Oligosaccharides are molecules formed by the combination of several monosaccharides linked by glycosidic bonds. Determining the exact structure of oligosaccharides is more complex than that of proteins or oligonucleotides. It involves the determination of additional components as a result of the isomeric nature of monosaccharides and their ability to form linear or branched oligosaccharides. Knowing the structure of an oligosaccharide requires not only determination of the monosaccharide sequence and branching pattern, but also the isomer position and the anomeric configuration of each of its glycosidic bonds. Advances in glycobiology include a comprehensive study of the structure, biosynthesis and biology of sugars and saccharides. Mass spectrometry (MS) is emerging as a facilitating technology in the field of glycomics and glycobiology.

Analysis of Lipids

Lipids consist of many different classes of molecules that are soluble in organic solvents. Lipidomics, an important part of metabolomics, constitute a detailed analysis and global characterization of the structure and function of lipids (lipidomes) in a living system, both spatially and temporally. Many new strategies have been developed for mass spectrometry based analysis of lipids. It includes the most popular lipidomic methodologies, electrospray ionization (ESI) sources and triple quadrupole analyzers. Using mass spectrometry, it is possible to determine the molecular weight, element composition, branching position and the nature of the substituents in the lipid structure.

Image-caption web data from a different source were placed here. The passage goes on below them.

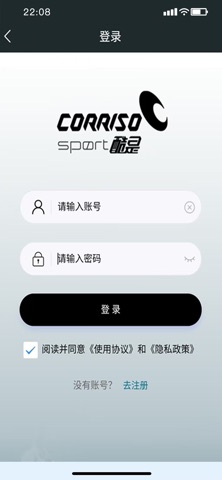 酷是 screenshot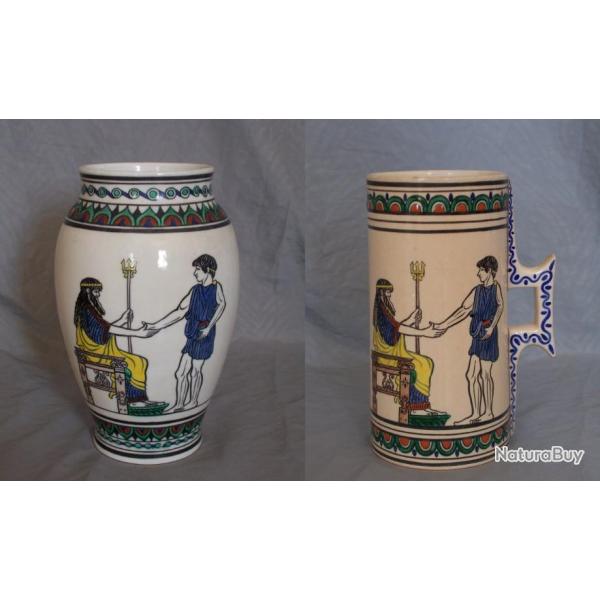 Fa�ence BOCH Fr�res Keramis dans la province du Hainaut en Belgique Assortiment de vases artistiques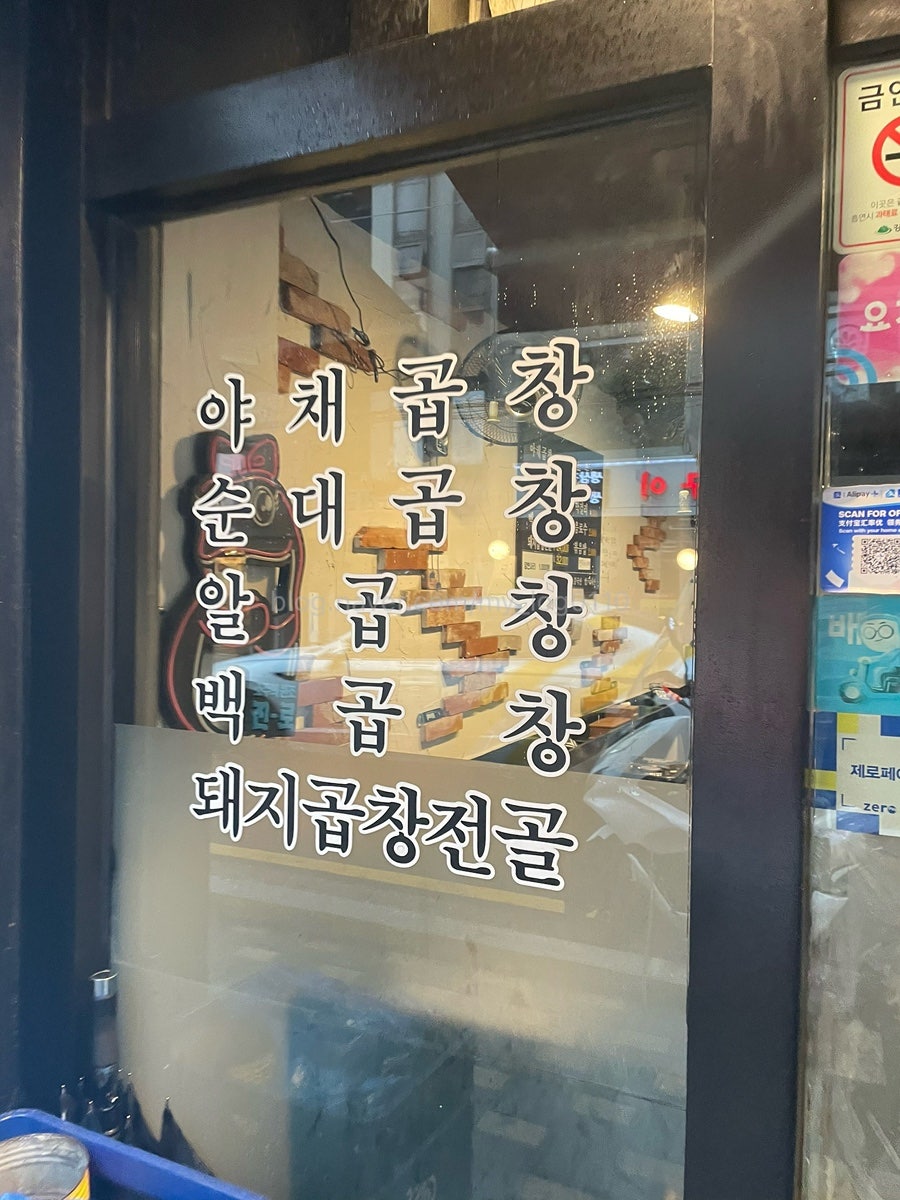 오도씨곱창 사진 4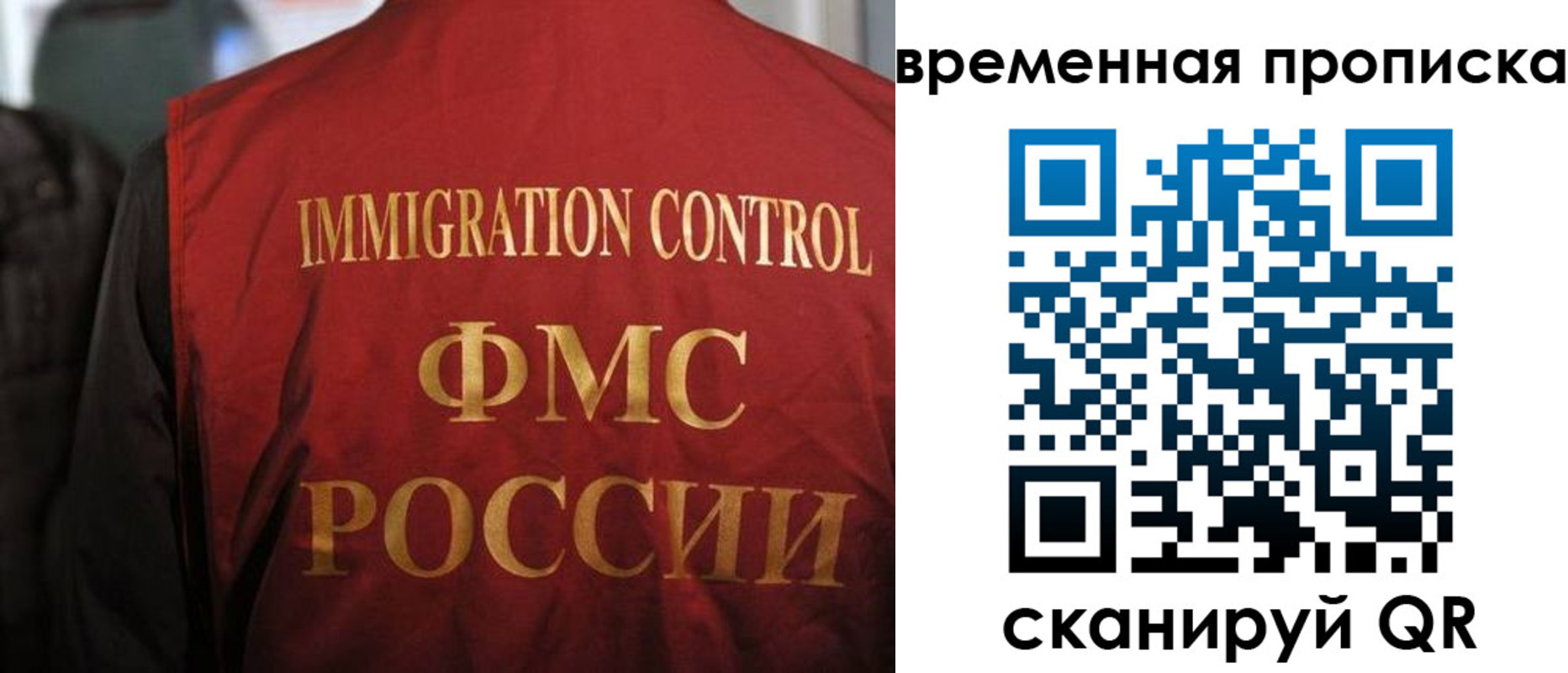 форма 3 в Минусинске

Analysis of Proteins and Peptides

Proteins and peptides are linear polymers composed of combinations of 20 amino acids linked by peptide bonds. Proteins undergo many post-transformation changes, extending the range of their functions with such modifications. The term proteomics refers to the analysis of the complete protein content in a living system, including co-modified and post-translational modified proteins and alternatively spliced variants. Mass Spectrometry has now become a crucial technique for almost all proteomic experiments. It allows precise determination of the sequences as well as the molecular mass of the peptides. This information can be used very well for protein identification, de novo sequencing, and detection of post-translational changes.